In his unpublished 1969 memoir of the Moscow exhibition, entitled “Russia Goes to the Fair,” McClellan wrote:

“...The role I carried in managing the Exhibition proved to be the most exciting, difficult and frustrating experience of my life; yet it was in the end the most rewarding. During the fifteen months in which I was engaged with the project, every single day offered some element of surprise and trouble. Time and again there were crises to be met which made the ‘Perils of Pauline’ seem to me mere bedtime stories.”

McClellan’s role was vital. His memoir is a key component of the historical record about the preparations for the Sokolniki exhibition (including the behind-the-scenes politics of building governmental and private sector support in the U.S.) as well as the challenges of finishing in time for the high-profile, high-stakes official opening on July 24.

Wednesday, July 1, 2009

Khrushchev Remembers -- "A Lot of Propaganda"


Photo: Tony Pell (c)2009 AP
In contrast to Richard Nixon's account, Nikita Khrushchev recalled the Sokolniki exhibition and his debate with the U.S. Vice-President differently. In the English language edition of his memoirs, Khrushchev stressed that the American exhibition had come up short, asserting that the U.S. organizers "were obviously not serious about displaying American life and culture; they were more interested in drumming up a lot of propaganda."

"Everything was laid out attractively to impress the public," Khrushchev acknowledged. "But it was all too showy and promotional. The objects being exhibited didn't really have anything to offer to our people, particularly our technological personnel, our Party members, and our leadership," he went on. "One should realize that we were quite demanding in our attitude here: for us, the major consideration was the usefulness of a product or an item. In this regard, the American exhibition was a failure."

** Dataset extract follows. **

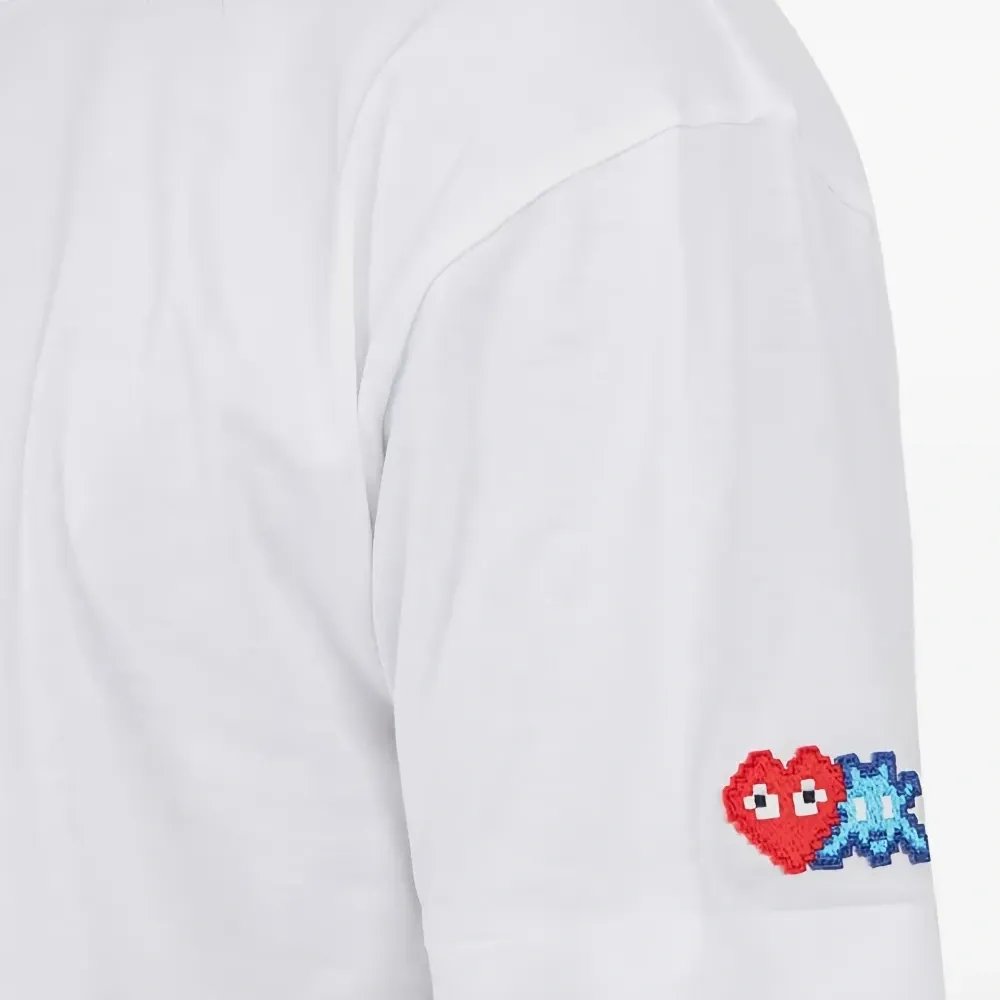 Футболка с вышитым логотипом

Khrushchev recalled the debate in the model kitchen beginning prosaically enough, with the Soviet leader commenting on how he thought an automatic lemon squeezer on display was pointless since any person could squeeze a lemon faster by hand. "To this," Khrushchev wrote, "Nixon disagreed, and he tried to bring me around to his way of thinking, arguing in that very exuberant way of his."

But the Soviet premier made it clear that he was more than ready to counter Nixon's verbal thrusts. "I responded in kind," he related, adding "I have my own way of being exuberant in a political dispute." "The debate began to flare up and went on and on," Khrushchev continued. "The newsman pressed around us with their tape recorders going and their microphones shoved into our faces. After a while I put a direct question to him: 'Mr. Nixon, you've brought all this wonderful equipment here to show us, but have you really put it into widespread, practical use? Do American housewives have it in their kitchens?' To be fair to him, Nixon answered honestly that what they were showing us hadn't yet come onto the market. At that point people burst out laughing..."

Like Nixon, however, Khrushchev recognized that the showdown between the two men was about far more than a lemon squeezer. "...What we were really debating was not a question of kitchen appliances but a question of two opposing systems: capitalism and socialism."